If a sampler is wrongly reported as multimodal, you can set a new mValue threshold slightly above the mValue of this sampler and repeat the calculation. However, it is recommended to do this only after checking the histogram of this sampler to ensure it is truly unimodal. See further below how to produce the histogram.

Save the calculation results in a CSV file

By clicking on the "Save" button, the plugin will copy the results into a csv file with a suffix of "__ModalityCoV.csv" to the input filename which you can then import into your final test report.

Producing a Histogram

In case some samplers are failed because they have been reported as multimodal, you can visualise the distribution of their response times in the "Graph" tab to check how many modes their histogram contains.

To do this, select the "Rows" tab first and select the samplers you are interested in by ticking their "Check" column. Then select the "Graph" tab: the tool will display the histograms of the selected samplers.

Below is an example of a histogram of a bimodal distribution.

Histogram

Via Command line

In a script or in a Windows Powershell window, you can call the tool with the following command:

java -jar $env:JMETER_HOME\lib\cmdrunner-x.y.jar --tool ModalityCoV --input-file {filenameIn} --mvalue-thold {mValueThold} --cov-alim-pct {CoVMax}

where:

  • cmdrunner-x.y.jar: version of the cmdrunner you have in your jmeter/lib directory;
  • --input-file: full path to your cleansed JMeter results file;
  • --mvalue-thold: your maximum mvalue for unimodality;
  • --cov-alim-pct: your maximum variation to pass (e.g., 0.4 for 40%)

The tool will save the results of the computation in an HTML file with a suffix of "_ModalityCoV.html" to the input filename which can be imported into CI/CD tools.

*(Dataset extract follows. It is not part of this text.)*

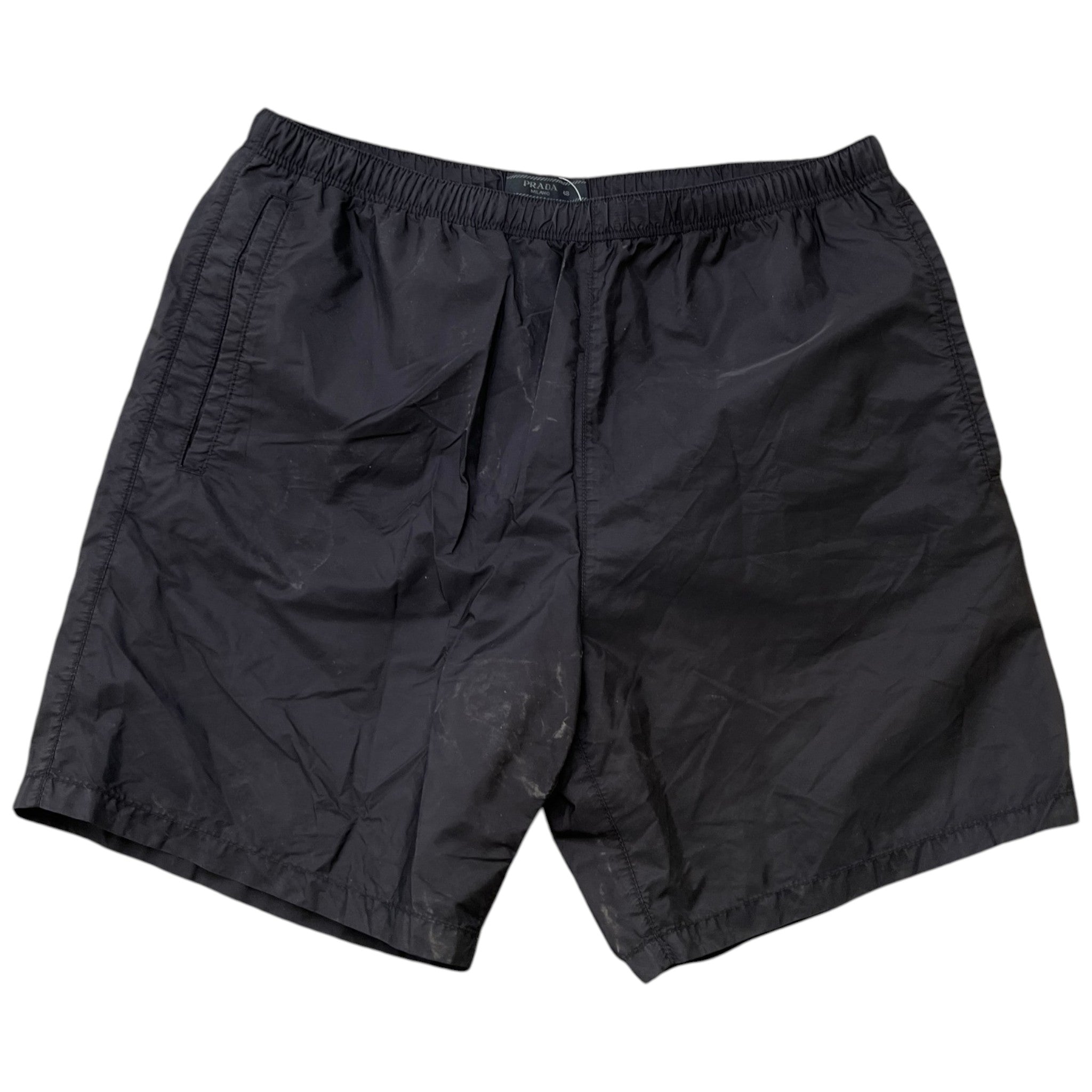 Men's Plaque Pocket Logo Swim Shorts Black Size W32 / IT 48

It will return the number of failed samplers in the exit code, allowing to fail the build step in the CI/CD tool if the build process of the tool uses a non zero exit code as a failed indicator.

Fixing multimodal samplers

When you have multimodality in your test results, we recommend that you investigate the cause and refactor your test script by splitting the samplers as in many modes that there are in the histogram. For instance, if you have bimodality on a Payment api, you may split this sampler into two separate samplers with their respective names like "Payment-Fast" and "Payment-Slow". In separating the samplers for each mode, your statistical results will refelct the behaviour of the System Under Test in a more reliable way.